Only an exact repetition of the lines from the one that holds "Logos lumineux de" to the end of the records is wanted.
=== Begin Enclosure ===
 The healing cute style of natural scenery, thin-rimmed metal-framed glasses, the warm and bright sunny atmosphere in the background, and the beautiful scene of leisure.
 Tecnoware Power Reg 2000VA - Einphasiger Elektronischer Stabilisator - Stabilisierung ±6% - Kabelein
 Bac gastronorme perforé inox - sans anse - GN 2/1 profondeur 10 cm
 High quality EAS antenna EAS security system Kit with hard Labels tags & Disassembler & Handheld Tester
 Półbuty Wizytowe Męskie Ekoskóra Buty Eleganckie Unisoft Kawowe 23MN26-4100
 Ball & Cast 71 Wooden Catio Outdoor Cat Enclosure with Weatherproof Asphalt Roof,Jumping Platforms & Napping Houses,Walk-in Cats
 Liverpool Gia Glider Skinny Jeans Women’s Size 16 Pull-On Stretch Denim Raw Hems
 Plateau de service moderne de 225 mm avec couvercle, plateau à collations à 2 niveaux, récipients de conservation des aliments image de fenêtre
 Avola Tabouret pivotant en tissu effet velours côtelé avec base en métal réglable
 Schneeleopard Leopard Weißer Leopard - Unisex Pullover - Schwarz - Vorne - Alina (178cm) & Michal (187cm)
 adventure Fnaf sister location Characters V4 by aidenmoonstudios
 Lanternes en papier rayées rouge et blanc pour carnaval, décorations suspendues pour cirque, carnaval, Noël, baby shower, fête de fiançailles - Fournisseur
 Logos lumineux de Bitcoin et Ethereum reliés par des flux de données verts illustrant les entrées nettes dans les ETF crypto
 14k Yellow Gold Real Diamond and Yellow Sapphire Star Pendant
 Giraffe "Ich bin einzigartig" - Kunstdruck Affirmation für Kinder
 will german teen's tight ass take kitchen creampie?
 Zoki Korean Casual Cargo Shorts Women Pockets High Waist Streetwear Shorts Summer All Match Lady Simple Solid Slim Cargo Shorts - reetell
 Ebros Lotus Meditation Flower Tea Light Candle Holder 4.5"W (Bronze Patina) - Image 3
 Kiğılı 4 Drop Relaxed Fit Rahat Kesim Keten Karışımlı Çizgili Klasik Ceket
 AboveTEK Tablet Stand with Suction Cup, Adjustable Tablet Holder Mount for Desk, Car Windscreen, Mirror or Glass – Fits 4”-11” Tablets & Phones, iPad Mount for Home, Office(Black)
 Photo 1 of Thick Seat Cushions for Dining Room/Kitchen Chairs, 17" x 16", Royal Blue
=== End Enclosure ===
**Exercise result**
 Logos lumineux de Bitcoin et Ethereum reliés par des flux de données verts illustrant les entrées nettes dans les ETF crypto
 14k Yellow Gold Real Diamond and Yellow Sapphire Star Pendant
 Giraffe "Ich bin einzigartig" - Kunstdruck Affirmation für Kinder
 will german teen's tight ass take kitchen creampie?
 Zoki Korean Casual Cargo Shorts Women Pockets High Waist Streetwear Shorts Summer All Match Lady Simple Solid Slim Cargo Shorts - reetell
 Ebros Lotus Meditation Flower Tea Light Candle Holder 4.5"W (Bronze Patina) - Image 3
 Kiğılı 4 Drop Relaxed Fit Rahat Kesim Keten Karışımlı Çizgili Klasik Ceket
 AboveTEK Tablet Stand with Suction Cup, Adjustable Tablet Holder Mount for Desk, Car Windscreen, Mirror or Glass – Fits 4”-11” Tablets & Phones, iPad Mount for Home, Office(Black)
 Photo 1 of Thick Seat Cushions for Dining Room/Kitchen Chairs, 17" x 16", Royal Blue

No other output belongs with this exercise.